* DATA
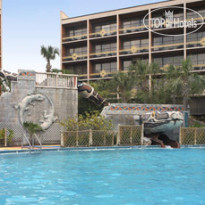 Sheraton Lake Buena Vista Resort 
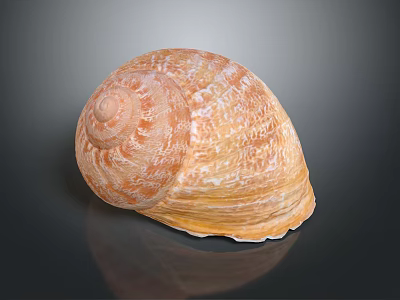 Decorative Ornament Set with Orange Yellow Textured Seashell for Home Decor on Dark Background 3d model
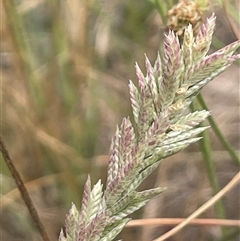 Eragrostis elongata (Clustered Lovegrass) at Boorowa, NSW - 9 Jan 2025 by JaneR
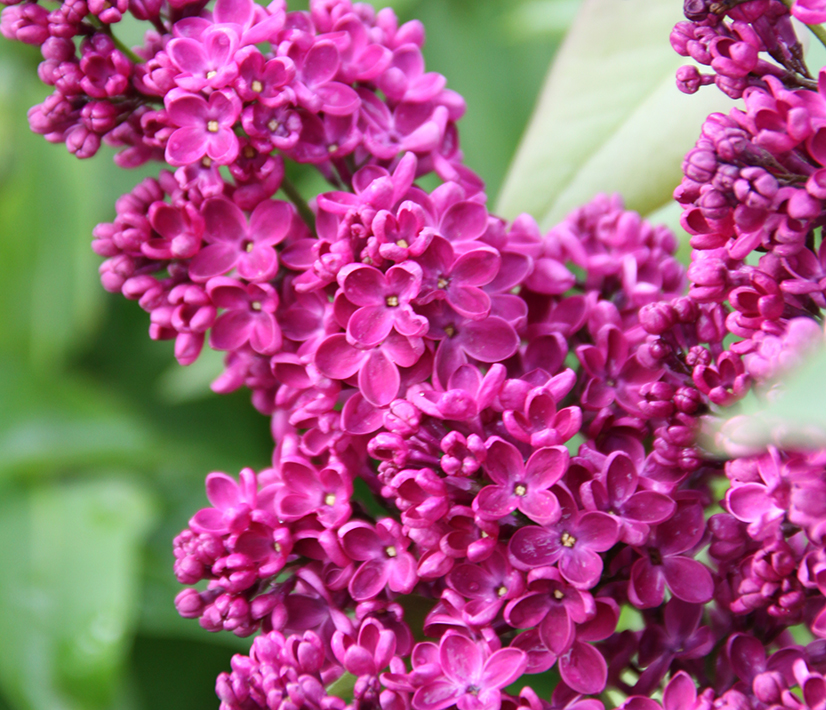 syringa9.jpg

* WHAT YOU WILL DO
From the line with "Eragrostis elongata (Clustered" through the end of the listing, write out every line exactly, leaving out the pictures.

* FINISHED EXERCISE
 Eragrostis elongata (Clustered Lovegrass) at Boorowa, NSW - 9 Jan 2025 by JaneR
 syringa9.jpg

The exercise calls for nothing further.